新卒は実績がないので、仕事ができるかどうか判断できません。
学歴が重視されるのは、統計的、経験的、傾向的に以下の相関があり、仕事での成果を残せる可能性が高いためです。

  • 学校の勉強ができるということは、他のことの理解力も高い可能性が高い

  • 学校の勉強内容を基礎知識として、発展、応用知識の習得に役立つ

  • 学校の勉強を通じて、何かに取り組むときの努力の方法、時間の使い方、集中の傾け方がうまい

これはこれで事実として、学歴を意識することは全く否定しません。

偏差値の有効範囲

ずばり、「日本国内のみ」です。

そもそも、海外では新卒という概念も偏差値という概念もありませんので、当然、日本のみで有効です。
また、高校くらいまでは入試という概念すら、無いに等しい国が多数です。

普通の外国人は東大をはじめとした、日本の名門校と言われている大学すら、名前を聞いてもわかりません。
その大学がすごいのかすごくないのか、日本人が使っている偏差値はどのくらいだとどうすごいのかまったく見当もつきませんし、そもそも興味もありません。

偏差値はツール、とらわれる何かではない

「偏差値は10代の半ばから後半にかけて人生の一時だけ使う、受験においてのみ便利な指標であって、ましてや人を測るための普遍的な指標ではない」

もし保護者の方でこれを読んでくださっている方がいたら、このような認識を持ちつつ数字を活用するようにサポートしてあげていただきたいのです。

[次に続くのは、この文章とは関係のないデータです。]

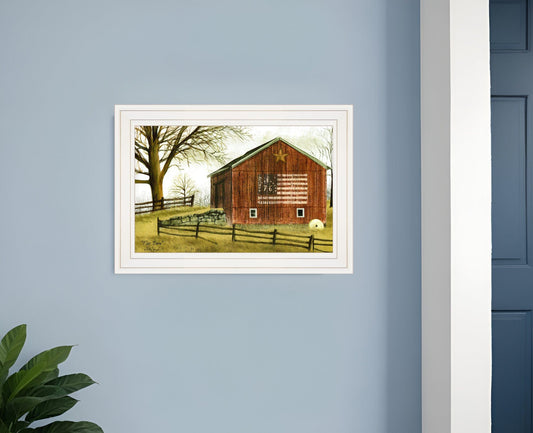 Flag Barn 1 White Framed Print Wall Art - Homeroots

まれではありますが、大人になっても大学や偏差値の話をしたがる人がいるのは事実です。たいてい、

  • 本当は〇〇高校 / 〇〇大学に行けた

  • 〇〇高校 / 〇〇大学を受験するはずだった

  • 本当は偏差値〇〇くらいあった

  • 知り合いに〇〇大学の人がいる

「本当は、本当は」と実際に起きなかったこと、自分のことではないことまで「自分のことのように」話しているという傾向を感じます。

「中学に戻ってもう一度高校受験をやりなおしたい」

そんなことまで言っていた人も実際にいました。
子供や家族がいる方ですらです。

大学出たばっかりの20代ではなく、40代、50代、60代の人が言っています。偏差値に一生涯とらわれてしまっています。

このような考えは、人を測る指標であると思いこんでしまっていることと、強烈なコンプレックスから生まれてきているように思えます。
その源泉はやはり学生時代、とりわけ受験期にさかのぼると思います。
その子供にかかわる家庭や周囲の大人の影響も大きいはずです。

偏差値以外の評価軸をしっかり持たず、数字の持つ意味も本来の用途も認識せずに、偏差値至上主義的になってどこかで敗退してしまうと、社会人になっても燃え尽き症候群から抜け出せなくなります。

仕事にも身が入りませんし、人からも避けられてしまいます。
結果、心身ともに健康にすごせなくなってしまうかもしれません。


自分の失敗を子供にさせたくない、という想いまではまったく悪いことではないと思いますが、代理で「リベンジ」してもらいたい、とはならないようにしていきたいですよね。